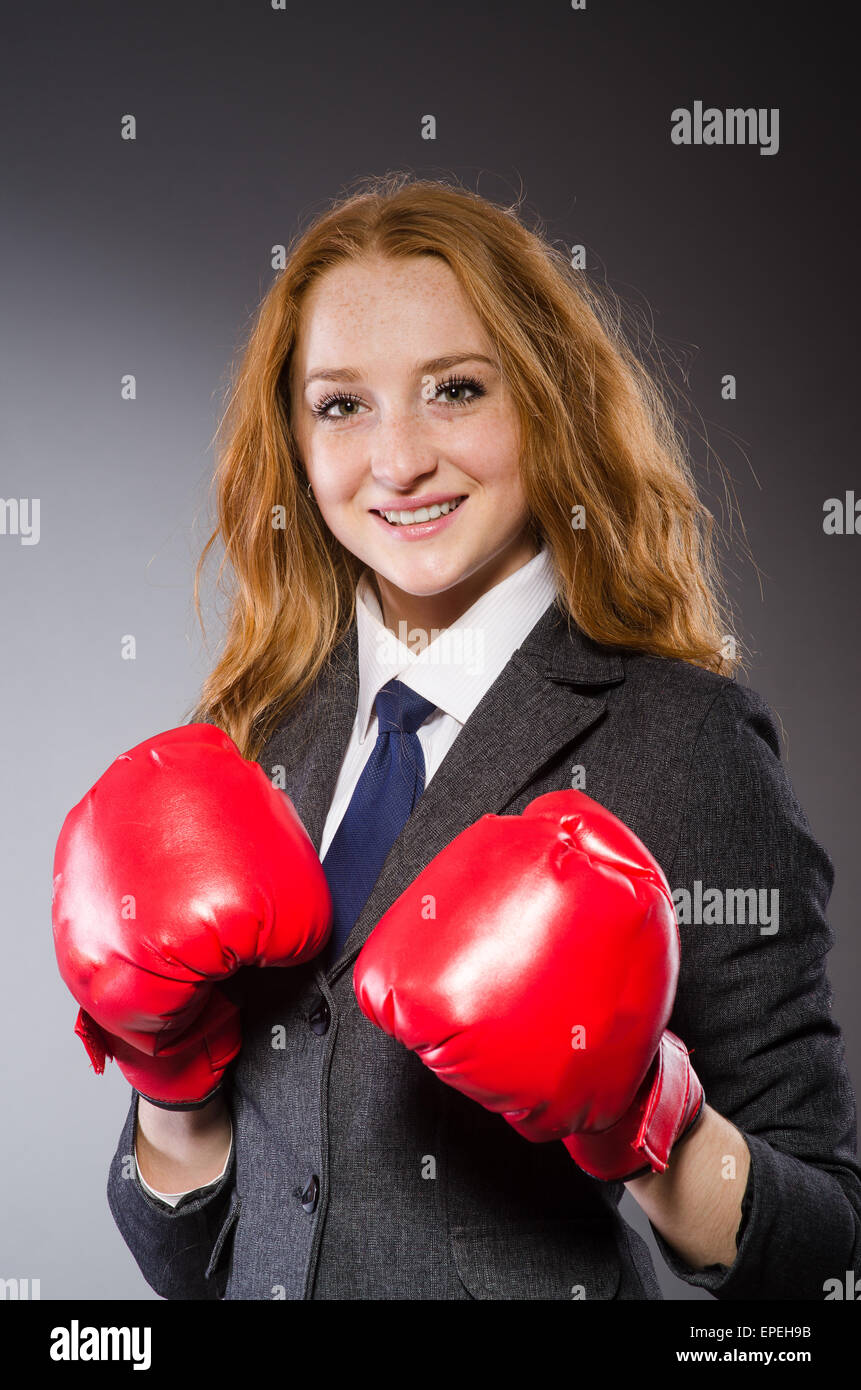 Woman boxer in dark room Stock Photo Alamy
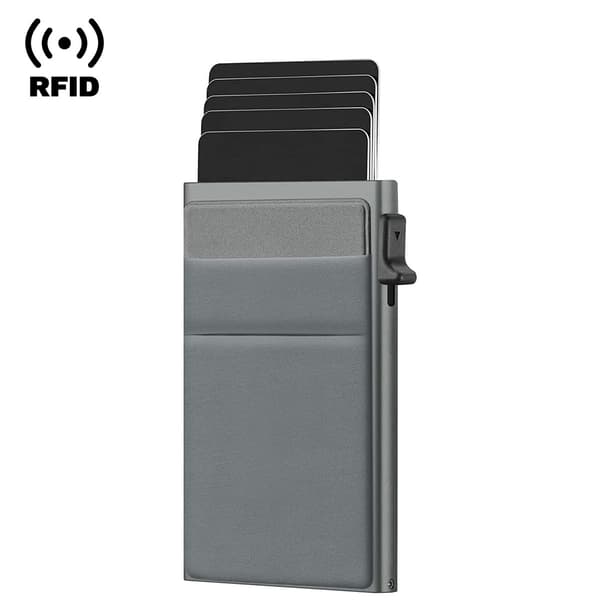 #Side Push Metallkortveske - Grå, Aluminiumslegering Kortveske med RF#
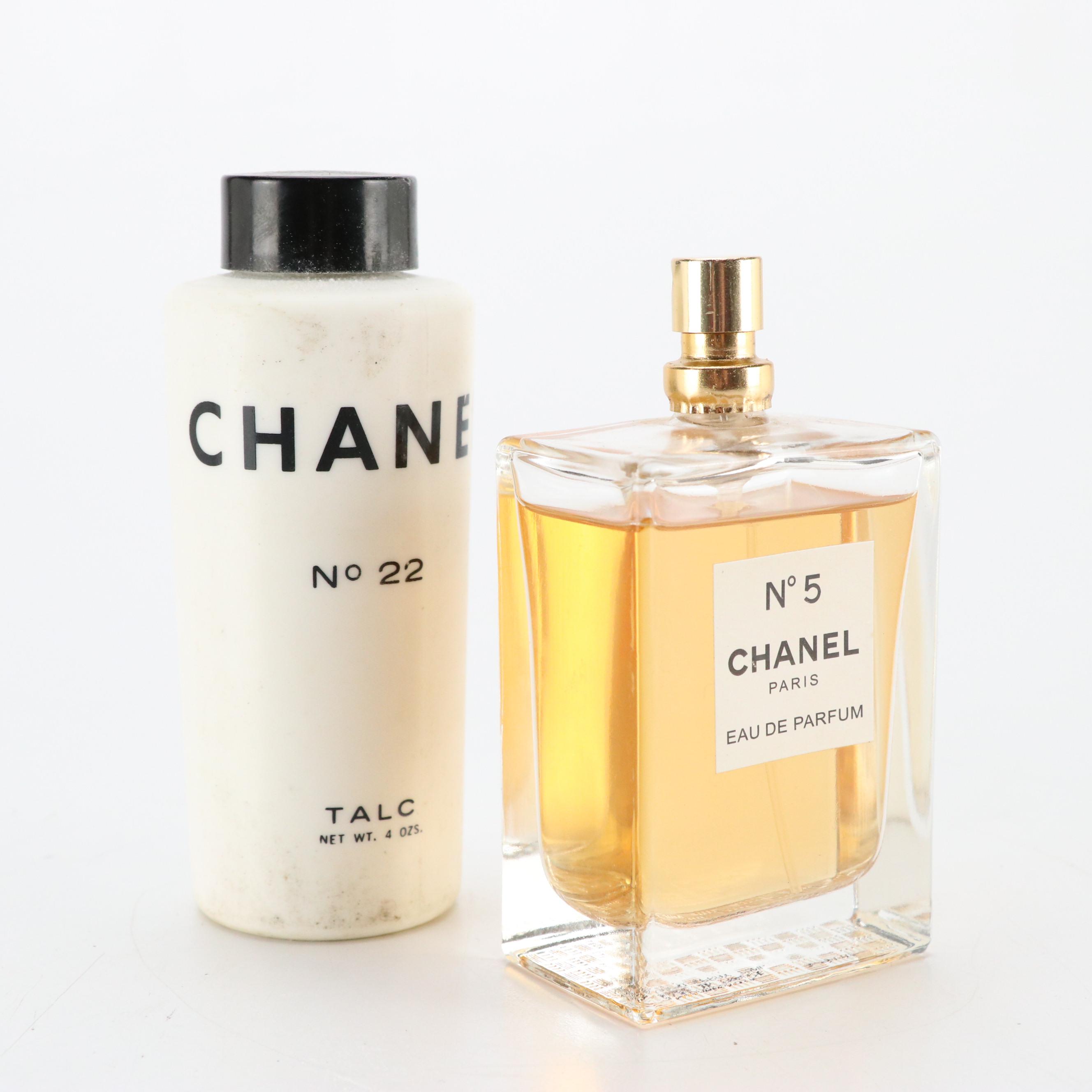 Chanel N°5 Eau de Parfum 750ml Bottle and N°22 Talc 4oz Container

**PROBLEM STATEMENT:** Without including any picture, reproduce all of the material exactly.

**ANSWER FOR THE TASK:**
 Woman boxer in dark room Stock Photo Alamy
 #Side Push Metallkortveske - Grå, Aluminiumslegering Kortveske med RF#
 Chanel N°5 Eau de Parfum 750ml Bottle and N°22 Talc 4oz Container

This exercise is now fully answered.